Data for analysis:
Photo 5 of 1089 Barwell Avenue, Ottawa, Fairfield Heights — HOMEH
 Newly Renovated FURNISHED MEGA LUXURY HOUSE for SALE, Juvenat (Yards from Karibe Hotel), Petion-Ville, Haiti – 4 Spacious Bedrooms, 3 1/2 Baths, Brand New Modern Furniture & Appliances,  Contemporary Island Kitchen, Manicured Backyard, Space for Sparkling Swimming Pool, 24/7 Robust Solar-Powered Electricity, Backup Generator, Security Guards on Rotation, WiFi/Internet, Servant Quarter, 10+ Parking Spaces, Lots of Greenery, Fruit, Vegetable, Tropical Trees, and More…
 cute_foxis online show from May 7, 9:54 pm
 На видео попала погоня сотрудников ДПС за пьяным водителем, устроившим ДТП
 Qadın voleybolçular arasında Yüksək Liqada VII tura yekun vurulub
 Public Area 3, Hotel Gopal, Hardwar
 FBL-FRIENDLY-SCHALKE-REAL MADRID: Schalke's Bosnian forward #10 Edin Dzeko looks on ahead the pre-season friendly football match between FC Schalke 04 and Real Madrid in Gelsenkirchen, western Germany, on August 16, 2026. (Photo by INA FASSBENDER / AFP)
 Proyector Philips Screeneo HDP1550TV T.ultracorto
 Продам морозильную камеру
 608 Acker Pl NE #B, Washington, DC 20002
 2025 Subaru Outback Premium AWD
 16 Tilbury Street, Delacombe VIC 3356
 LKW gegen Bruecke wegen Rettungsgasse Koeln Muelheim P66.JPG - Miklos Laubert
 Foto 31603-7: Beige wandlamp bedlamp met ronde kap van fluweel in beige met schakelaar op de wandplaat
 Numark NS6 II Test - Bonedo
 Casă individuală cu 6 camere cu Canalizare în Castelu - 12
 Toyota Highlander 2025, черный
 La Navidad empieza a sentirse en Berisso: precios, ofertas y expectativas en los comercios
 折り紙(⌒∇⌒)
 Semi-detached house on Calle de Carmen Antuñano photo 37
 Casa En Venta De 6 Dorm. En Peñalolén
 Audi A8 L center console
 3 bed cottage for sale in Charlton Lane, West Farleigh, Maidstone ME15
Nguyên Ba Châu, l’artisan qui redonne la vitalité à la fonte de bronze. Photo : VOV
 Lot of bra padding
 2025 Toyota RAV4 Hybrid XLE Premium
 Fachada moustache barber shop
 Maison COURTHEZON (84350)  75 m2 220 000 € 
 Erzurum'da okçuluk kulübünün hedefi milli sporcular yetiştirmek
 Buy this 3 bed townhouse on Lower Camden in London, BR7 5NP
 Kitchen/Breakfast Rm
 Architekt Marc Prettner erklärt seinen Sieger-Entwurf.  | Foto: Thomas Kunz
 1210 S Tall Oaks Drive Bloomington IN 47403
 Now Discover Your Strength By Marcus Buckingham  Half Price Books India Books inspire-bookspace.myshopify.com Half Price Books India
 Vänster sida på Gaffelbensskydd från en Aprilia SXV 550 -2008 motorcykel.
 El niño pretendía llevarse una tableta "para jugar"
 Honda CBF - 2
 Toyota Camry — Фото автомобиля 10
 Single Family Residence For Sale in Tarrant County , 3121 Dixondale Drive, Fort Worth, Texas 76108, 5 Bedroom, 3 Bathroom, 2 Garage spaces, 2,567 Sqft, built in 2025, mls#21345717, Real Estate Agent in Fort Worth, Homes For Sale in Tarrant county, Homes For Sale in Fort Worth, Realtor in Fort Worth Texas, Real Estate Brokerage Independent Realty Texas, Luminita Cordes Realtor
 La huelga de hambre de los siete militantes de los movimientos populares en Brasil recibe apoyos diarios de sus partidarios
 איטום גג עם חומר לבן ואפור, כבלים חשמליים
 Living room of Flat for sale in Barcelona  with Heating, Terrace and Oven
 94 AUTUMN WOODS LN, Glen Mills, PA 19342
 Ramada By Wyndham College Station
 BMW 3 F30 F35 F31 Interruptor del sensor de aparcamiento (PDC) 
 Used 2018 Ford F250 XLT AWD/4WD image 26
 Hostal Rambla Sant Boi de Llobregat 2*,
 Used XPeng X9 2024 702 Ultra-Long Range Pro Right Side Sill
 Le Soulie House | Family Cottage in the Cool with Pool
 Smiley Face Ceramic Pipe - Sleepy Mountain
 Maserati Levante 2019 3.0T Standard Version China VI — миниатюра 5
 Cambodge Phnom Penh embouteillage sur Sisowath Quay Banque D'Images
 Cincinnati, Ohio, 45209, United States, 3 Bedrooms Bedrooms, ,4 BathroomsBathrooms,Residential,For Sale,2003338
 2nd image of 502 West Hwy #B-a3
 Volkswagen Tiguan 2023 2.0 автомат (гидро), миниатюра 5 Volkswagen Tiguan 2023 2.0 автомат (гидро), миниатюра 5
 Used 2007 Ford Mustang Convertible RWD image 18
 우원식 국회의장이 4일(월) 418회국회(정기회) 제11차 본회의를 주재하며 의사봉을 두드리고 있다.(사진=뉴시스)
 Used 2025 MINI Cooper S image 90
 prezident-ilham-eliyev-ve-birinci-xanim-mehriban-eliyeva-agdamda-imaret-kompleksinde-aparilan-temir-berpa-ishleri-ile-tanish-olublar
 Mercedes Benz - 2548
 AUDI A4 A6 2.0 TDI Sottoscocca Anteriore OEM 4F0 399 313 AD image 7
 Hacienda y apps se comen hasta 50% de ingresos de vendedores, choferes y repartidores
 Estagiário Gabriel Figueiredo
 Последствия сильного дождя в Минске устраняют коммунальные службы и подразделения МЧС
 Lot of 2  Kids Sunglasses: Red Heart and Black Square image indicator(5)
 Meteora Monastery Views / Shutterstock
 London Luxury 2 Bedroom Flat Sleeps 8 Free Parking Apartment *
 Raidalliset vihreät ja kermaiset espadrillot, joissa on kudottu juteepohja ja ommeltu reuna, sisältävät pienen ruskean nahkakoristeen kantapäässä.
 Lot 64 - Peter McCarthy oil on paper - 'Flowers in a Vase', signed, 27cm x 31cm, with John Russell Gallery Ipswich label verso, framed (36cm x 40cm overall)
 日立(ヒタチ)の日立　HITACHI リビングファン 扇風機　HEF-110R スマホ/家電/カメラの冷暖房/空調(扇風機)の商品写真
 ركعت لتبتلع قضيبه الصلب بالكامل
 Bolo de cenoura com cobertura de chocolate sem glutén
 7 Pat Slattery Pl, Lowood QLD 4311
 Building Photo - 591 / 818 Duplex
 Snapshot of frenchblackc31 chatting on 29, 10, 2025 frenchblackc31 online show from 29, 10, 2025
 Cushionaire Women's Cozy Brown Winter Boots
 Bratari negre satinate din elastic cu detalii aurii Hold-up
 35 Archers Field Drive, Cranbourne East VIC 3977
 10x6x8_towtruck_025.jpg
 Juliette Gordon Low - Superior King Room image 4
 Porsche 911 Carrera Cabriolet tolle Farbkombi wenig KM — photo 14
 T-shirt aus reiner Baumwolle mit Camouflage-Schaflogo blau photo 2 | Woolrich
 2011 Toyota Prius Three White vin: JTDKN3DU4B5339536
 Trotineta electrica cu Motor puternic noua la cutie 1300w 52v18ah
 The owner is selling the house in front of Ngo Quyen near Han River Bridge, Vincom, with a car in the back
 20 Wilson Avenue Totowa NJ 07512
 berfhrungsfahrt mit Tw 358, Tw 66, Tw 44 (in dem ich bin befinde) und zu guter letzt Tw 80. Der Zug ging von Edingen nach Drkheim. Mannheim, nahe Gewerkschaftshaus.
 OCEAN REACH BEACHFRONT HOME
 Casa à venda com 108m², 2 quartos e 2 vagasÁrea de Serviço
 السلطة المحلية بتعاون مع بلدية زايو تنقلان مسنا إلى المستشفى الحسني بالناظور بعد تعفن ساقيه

Task brief: From the listing, copy each line containing the word "Drive".

Expected answer:
 1210 S Tall Oaks Drive Bloomington IN 47403
 Single Family Residence For Sale in Tarrant County , 3121 Dixondale Drive, Fort Worth, Texas 76108, 5 Bedroom, 3 Bathroom, 2 Garage spaces, 2,567 Sqft, built in 2025, mls#21345717, Real Estate Agent in Fort Worth, Homes For Sale in Tarrant county, Homes For Sale in Fort Worth, Realtor in Fort Worth Texas, Real Estate Brokerage Independent Realty Texas, Luminita Cordes Realtor
 35 Archers Field Drive, Cranbourne East VIC 3977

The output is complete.